Python SDK for PixCrawler image dataset platform - simple, lightweight, ML-ready

Project description

PixCrawler Python SDK

A simple, lightweight Python SDK for accessing PixCrawler datasets. Designed for ML workflows with minimal API surface and maximum ease of use.

Installation

pip install pixcrawler

Or install from source:

cd sdk
pip install -e .

Quick Start

import pixcrawler as pix

# Set authentication (optional if using environment variables)
pix.auth(token="your_api_key")

# Load dataset into memory
project = pix.project("project-id")
dataset = project.dataset("dataset-id-123")
data = dataset.load()

# Iterate over items
for item in dataset:
    print(item)

Authentication

The SDK supports three authentication methods (in priority order):

1. Programmatic Authentication (Recommended for Scripts)

import pixcrawler as pix

pix.auth(token="your_api_key")

2. Environment Variables (Recommended for Production)

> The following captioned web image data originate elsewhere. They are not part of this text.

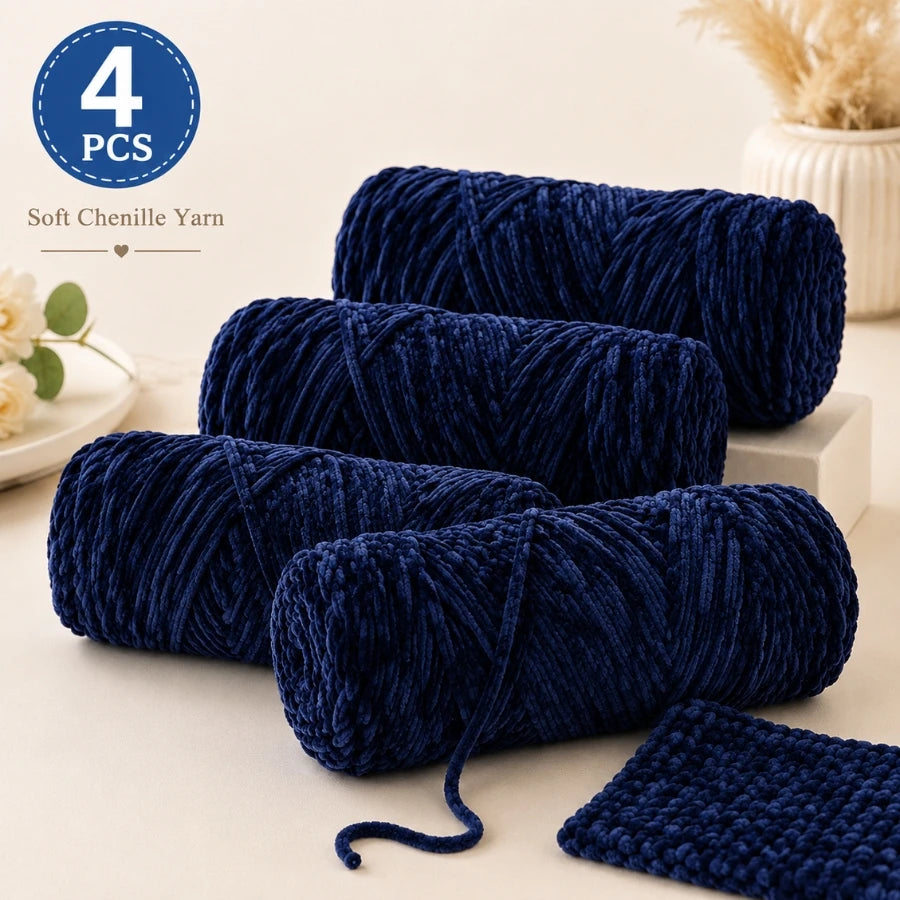A stack of four bundles of dark blue soft chenille yarn for crochet and knitting projects.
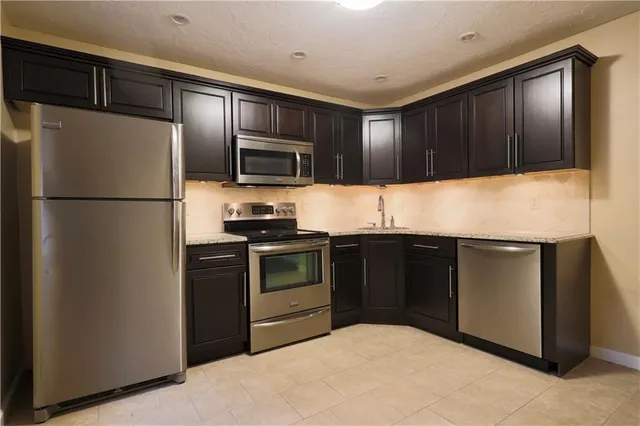 a kitchen with granite countertop stainless steel appliances and refrigerator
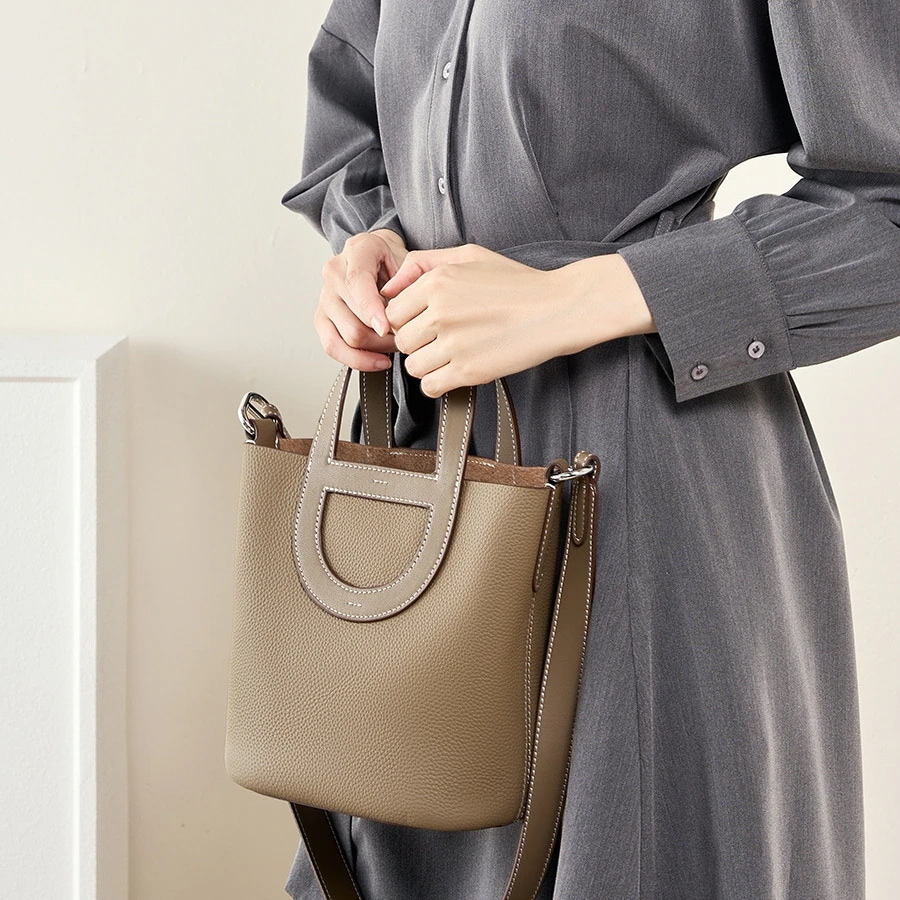 秋冬 ショルダーバッグ レディースファッション牛革バッグ バケットバッグ 豚鼻クロスボディハンドバッグ 大容量 斜め掛け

export PIXCRAWLER_SERVICE_KEY="your_api_key"

3. Per-Request Configuration

import pixcrawler as pix

dataset = pix.dataset(
    "dataset-id-123",
    config={"api_key": "your_api_key", "project_id": "project-id-123"}
).load()

API Reference

auth(token, base_url=None)

Set global authentication token for the session.

Parameters:

  • token (str): API token or JWT token from Supabase Auth
  • base_url (str, optional): Override API base URL (default: https://api.pixcrawler.com/v1)

Example:

import pixcrawler as pix

pix.auth(token="your_api_key", project_id="project-id-123")
# All subsequent calls will use this token

dataset(dataset_id, config=None)

Load dataset into memory for iteration.

Parameters:

  • dataset_id (str): UUID of the dataset
  • config (dict, optional): Configuration with 'api_key' and 'base_url'

Returns:

  • Dataset: In-memory dataset object

Raises:

  • AuthenticationError: If authentication fails
  • NotFoundError: If dataset not found
  • RuntimeError: If dataset exceeds memory limit (300MB)

Example:

import pixcrawler as pix

# Load dataset
dataset = pix.load_dataset("dataset-id-123")

# Iterate over items
for item in dataset:
    image_url = item['url']
    label = item['label']
    print(f"{label}: {image_url}")

datasets(config=None)

List user's datasets with pagination.

Parameters:

  • config (dict, optional): Configuration with 'api_key' and 'base_url'

Returns:

  • List[dict]: List of dataset metadata dictionaries

Raises:

  • AuthenticationError: If authentication fails
  • APIError: If API request fails

Example:

import pixcrawler as pix

pix.auth(token="your_api_key")

# List all datasets
project = pix.project(project_id="")
datasets = project.datasets()

for dataset in datasets:
    print(f"{dataset['id']}: {dataset['name']} ({dataset['image_count']} images)")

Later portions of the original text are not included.